Update with uniform values

Each assignment after the keyword SET specifies a new value for a column. That value is applied uniformly to every row that you update. In the examples in the previous section, the new values were constants, but you can assign any expression, including one based on the column value itself. Suppose the manufacturer code HRO has raised all prices by five percent, and you must update the stock table to reflect this increase. Use the following statement:
UPDATE stock
   SET unit_price = unit_price * 1.05
   WHERE manu_code = 'HRO';
You can also use a subquery as part of the assigned value. When a subquery is used as an element of an expression, it must return exactly one value (one column and one row).
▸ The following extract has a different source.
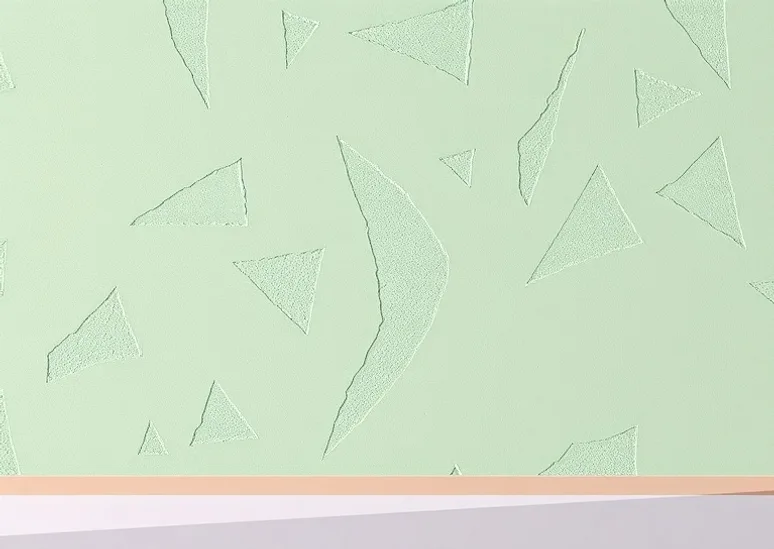 Application d'un enduit décoratif à la lisseuse sur un mur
Perhaps you decide that for any stock number, you must charge a higher price than any manufacturer of that product. You need to update the prices of all unshipped orders. The SELECT statements in the following example specify the criteria:
UPDATE items
   SET total_price = quantity *
      (SELECT MAX (unit_price) FROM stock
         WHERE stock.stock_num = items.stock_num)
   WHERE items.order_num IN
      (SELECT order_num FROM orders
         WHERE ship_date IS NULL);

The first SELECT statement returns a single value: the highest price in the stock table for a particular product. The first SELECT statement is a correlated subquery because, when a value from items appears in the WHERE clause for the first SELECT statement, you must execute the query for every row that you update.

The second SELECT statement produces a list of the order numbers of unshipped orders. It is an uncorrelated subquery that is executed once.